__WHAT YOU WILL DO__: Look for the line with "1762176617_Acne Studios_Kappa_Model Shot_1_C80216-100_C.jpg" in the data below, then reproduce word for word that line and every line after it. Leave out all pictures and add nothing.

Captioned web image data
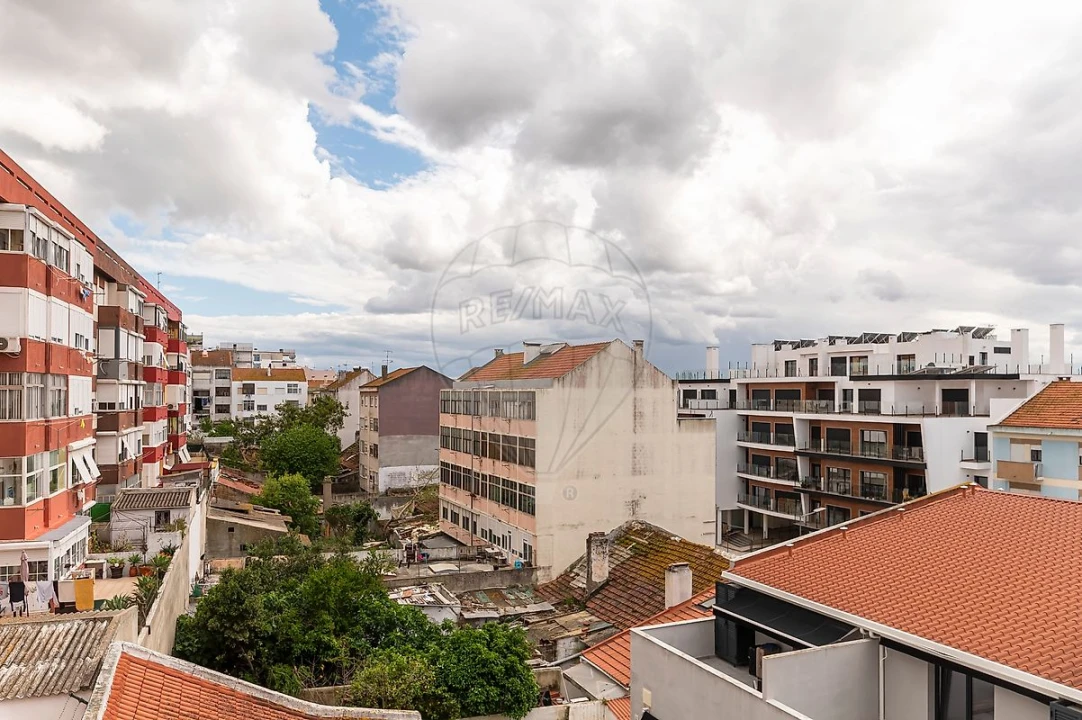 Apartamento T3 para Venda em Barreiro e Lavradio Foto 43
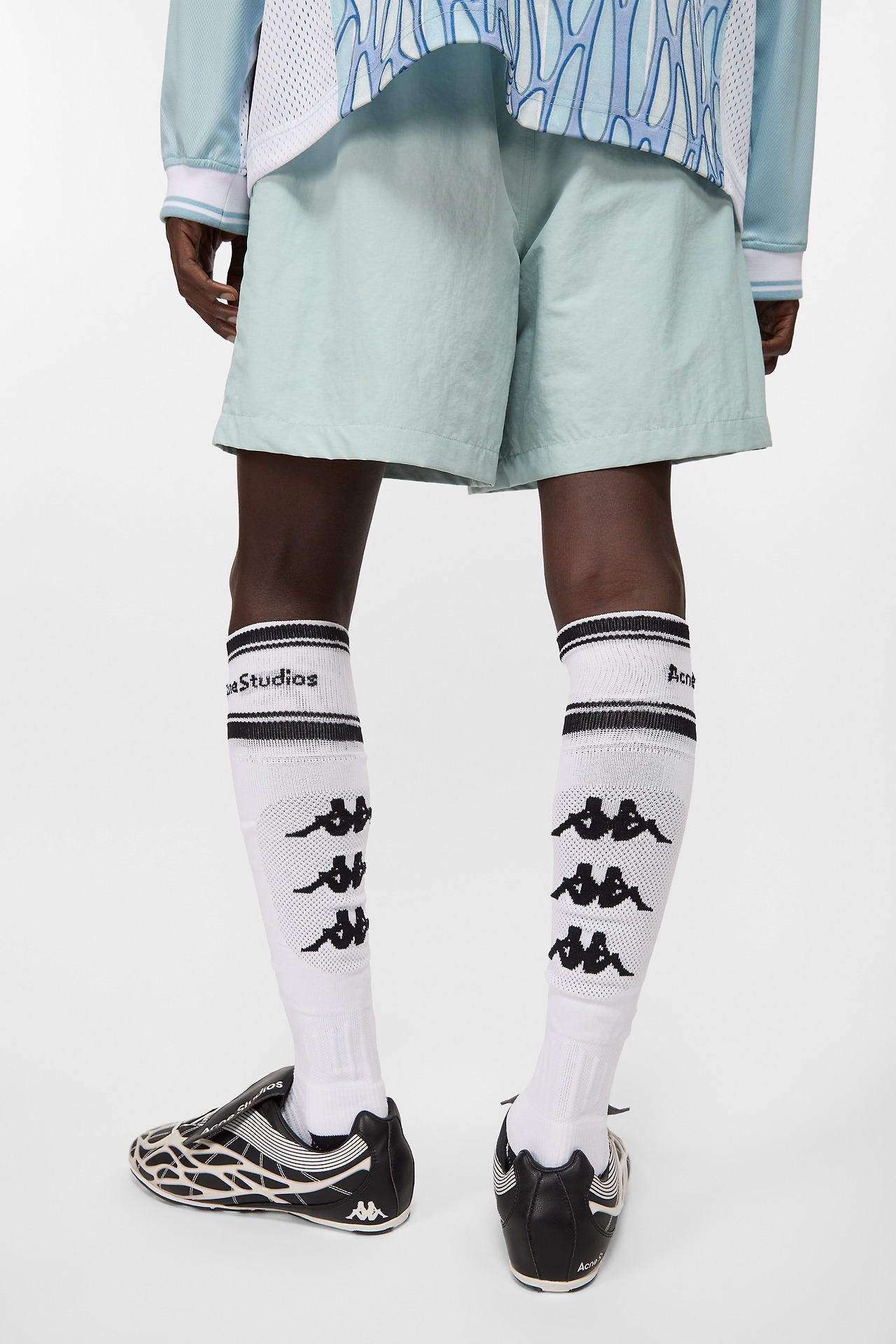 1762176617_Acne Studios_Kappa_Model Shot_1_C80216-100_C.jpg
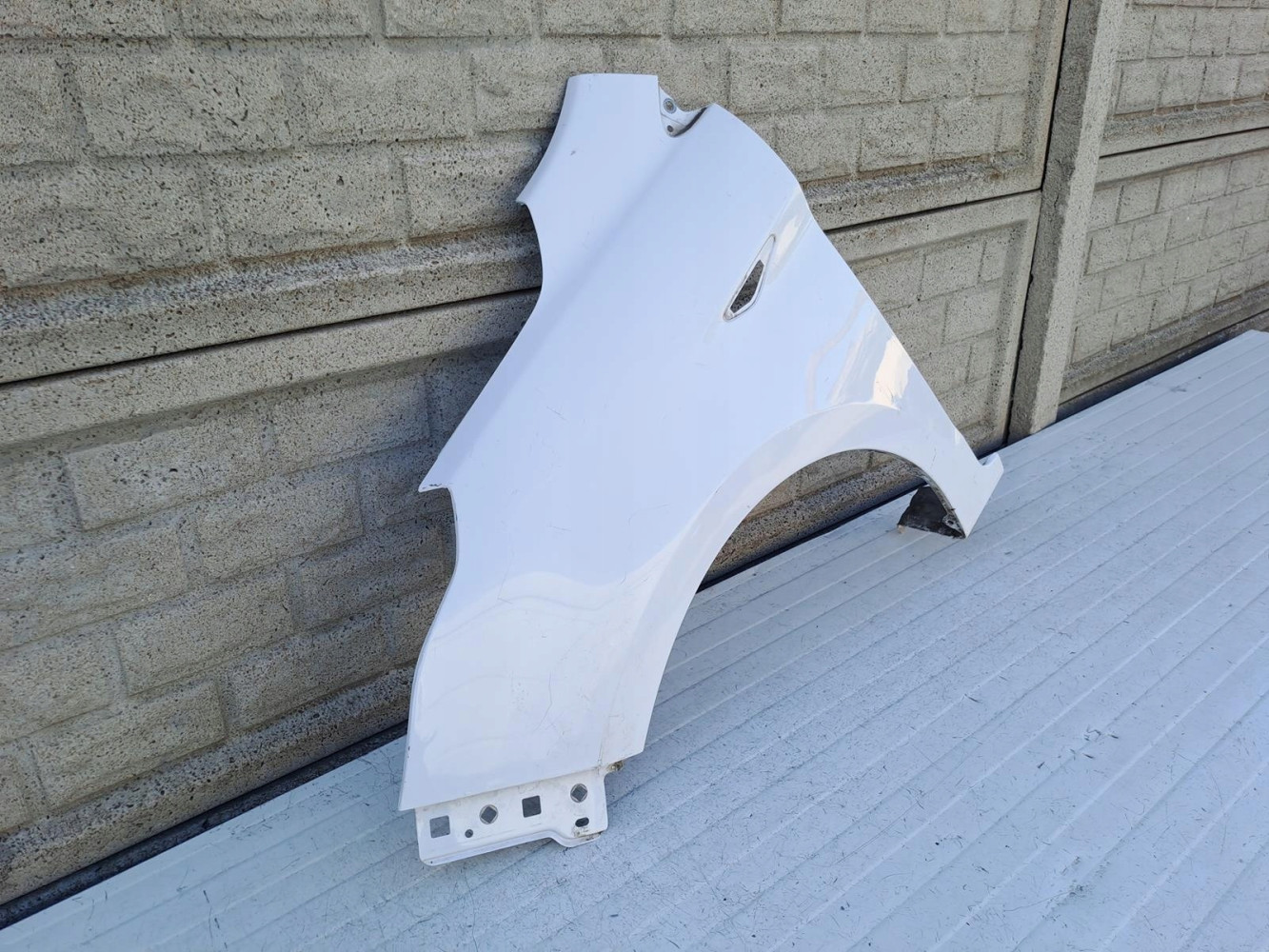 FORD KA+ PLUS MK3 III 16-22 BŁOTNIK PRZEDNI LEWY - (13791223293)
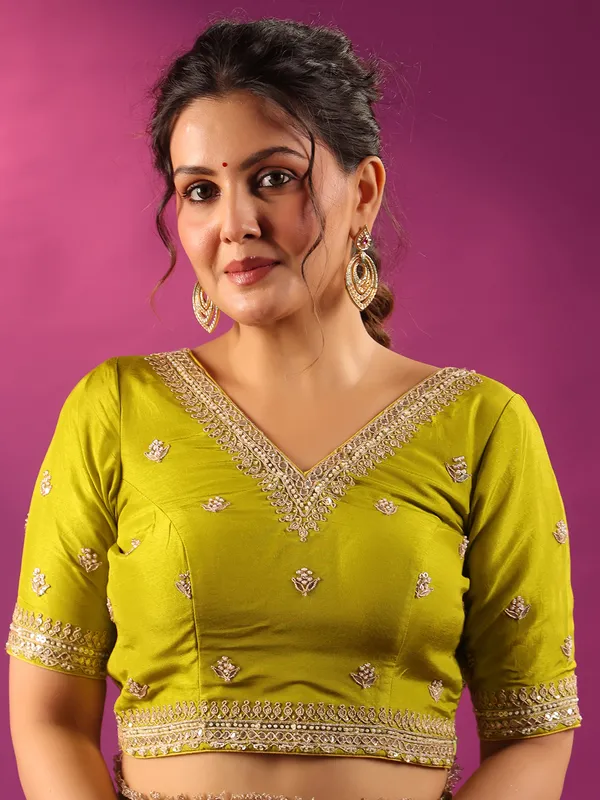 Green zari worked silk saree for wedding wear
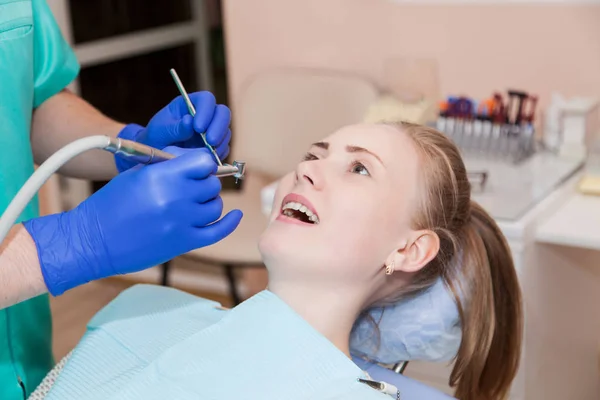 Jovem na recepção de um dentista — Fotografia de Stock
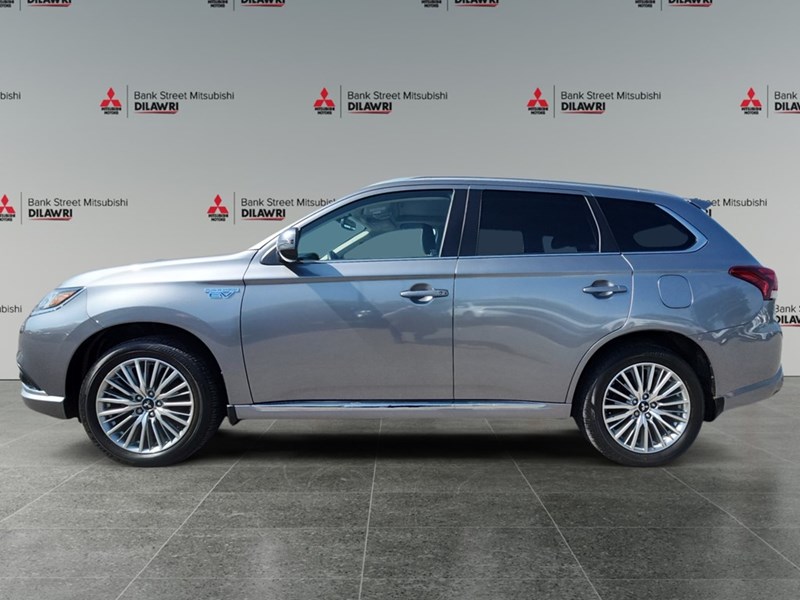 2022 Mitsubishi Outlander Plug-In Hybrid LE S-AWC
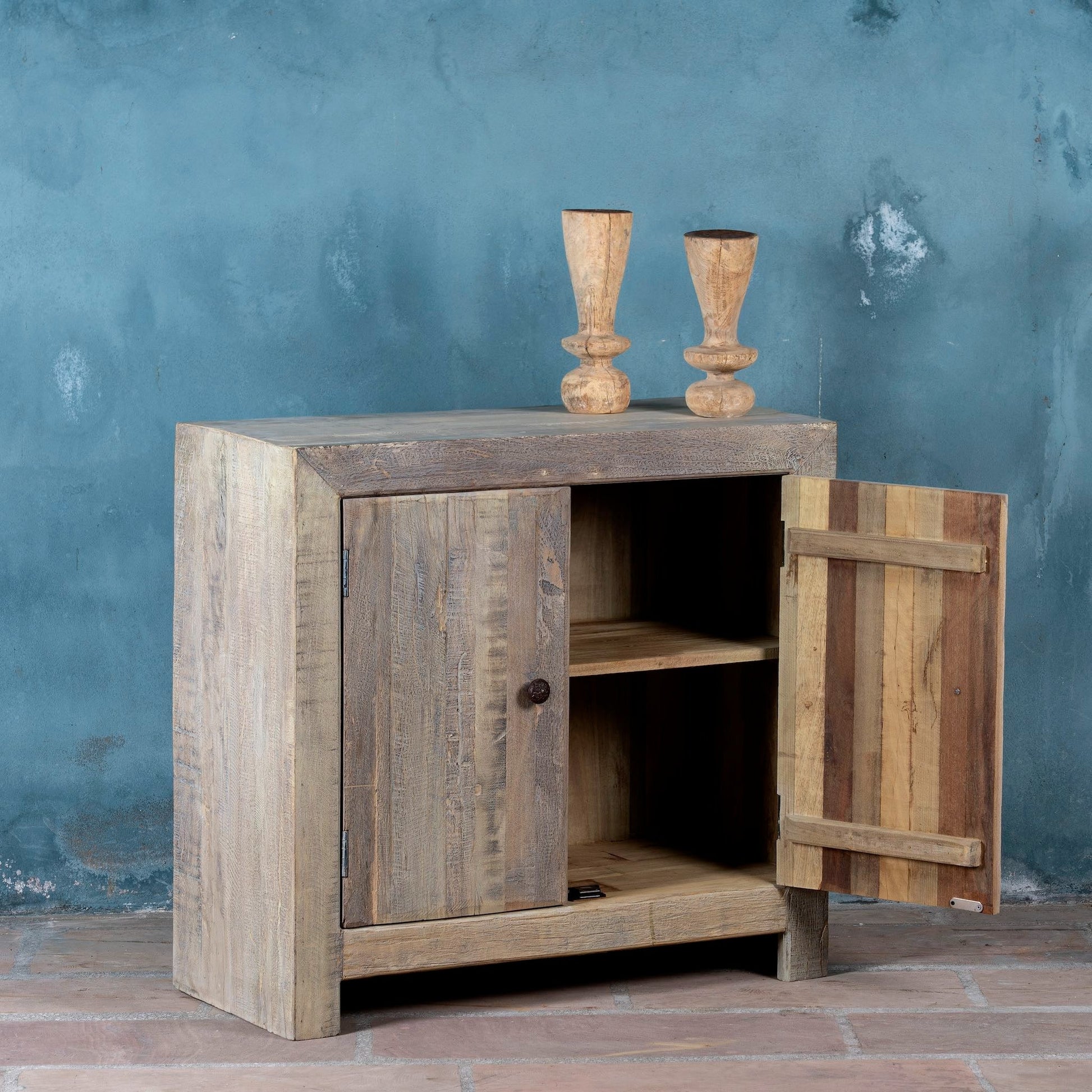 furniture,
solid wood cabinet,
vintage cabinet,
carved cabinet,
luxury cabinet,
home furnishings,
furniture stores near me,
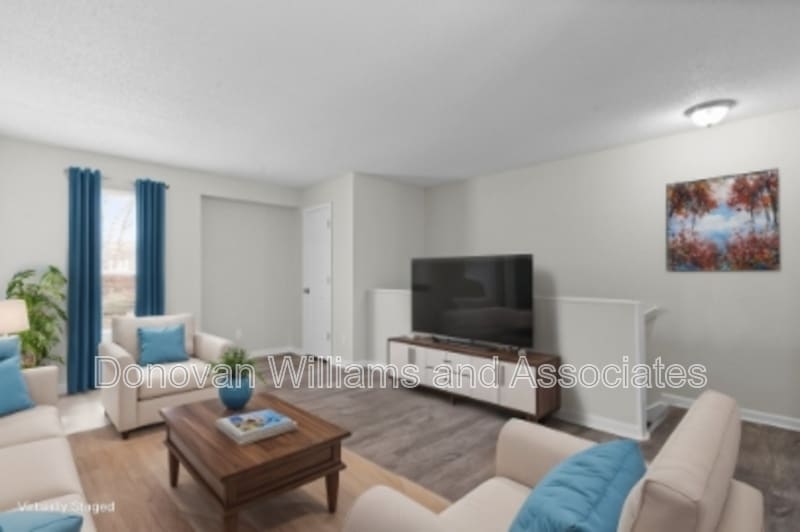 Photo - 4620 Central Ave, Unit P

__EXERCISE RESPONSE__:
 1762176617_Acne Studios_Kappa_Model Shot_1_C80216-100_C.jpg
 FORD KA+ PLUS MK3 III 16-22 BŁOTNIK PRZEDNI LEWY - (13791223293)
 Green zari worked silk saree for wedding wear
 Jovem na recepção de um dentista — Fotografia de Stock
 2022 Mitsubishi Outlander Plug-In Hybrid LE S-AWC
 furniture,
solid wood cabinet,
vintage cabinet,
carved cabinet,
luxury cabinet,
home furnishings,
furniture stores near me,
 Photo - 4620 Central Ave, Unit P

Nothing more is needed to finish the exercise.